Keyword searches for a typical e-discovery production yield more predictable results because the searches are conducted on complete documents and files that remain intact on the system. However, many of the cases we work on involve data that has been deleted, requiring computer forensic techniques to recover. Simply searching the ‘unallocated space’ of the hard drive (where deleted documents reside) can be helpful, but often retrieves far too much information to be useful. This is because the data is no longer organized as individual files. It’s like hunting through a land fill in search of a penny.

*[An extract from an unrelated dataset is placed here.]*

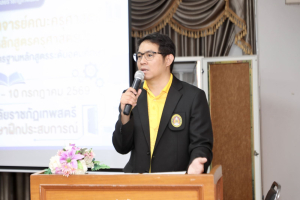 จัดอบรมพัฒนาอาจารย์คณะครุศาสตร์และคณะร่วมผลิตในหลักสูตรครุศาสตรบัณฑิต มุ่งยกระดับตามเกณฑ์คุรุสภา และ PTRU-PSF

Let’s look at a sample case involving Bill Smith. Bill Smith works for LP Corporation and is suspected of embezzling funds. Counsel requests information such as Office documents, Acrobat files, emails, and web activity. An initial search for keywords such as “Smith”, “LP Corporation”, and “bill@lpcorporation” would return several hundred thousand hits when run across deleted and regular files. If we limit the search to only saved files, valuable information may never be found. However, when searching the ‘unallocated’ part of the hard drive we might see hundreds of thousands hits - too many to review. In Bill Smith’s case, we have 678,354 hits that might represent deleted documents, fragments of documents, emails and web activity. This data is all in unallocated space and can only be retrieved using forensic techniques.
Many folks simply ‘carve’ through unallocated space to resurrect any dead files. This can result in a high number of corrupted or irrelevant hits. How do we avoid this problem? We use keywords as we’re recovering deleted files. This technique provides us with live files that contain relevant keywords. These are now much easier to search than the land fill of unallocated files.
These live files can then be loaded into a forensic application. They are much easier to deal with and we can run additional searches on them producing information that may have been missed on the first pass. We keep searching and filtering down by relevant criteria until we come closer to finding the needle in the haystack. For example, we might search all the documents containing Bill Smith,from that set, we may eliminate all those that don’t contain relevancy to embezzlement. Reducing the search criteria further will reduce our hits so that the original 678,354 hits are now 1,200.
By only restoring deleted information that contains relevant keywords, we dramatically reduce the amount of work performed. By turning deleted information into live files, we can then easily search them and filter criteria yielding a compact, highly relevant set of data. This technique allows us to work more efficiently and save valuable computing and financial resources.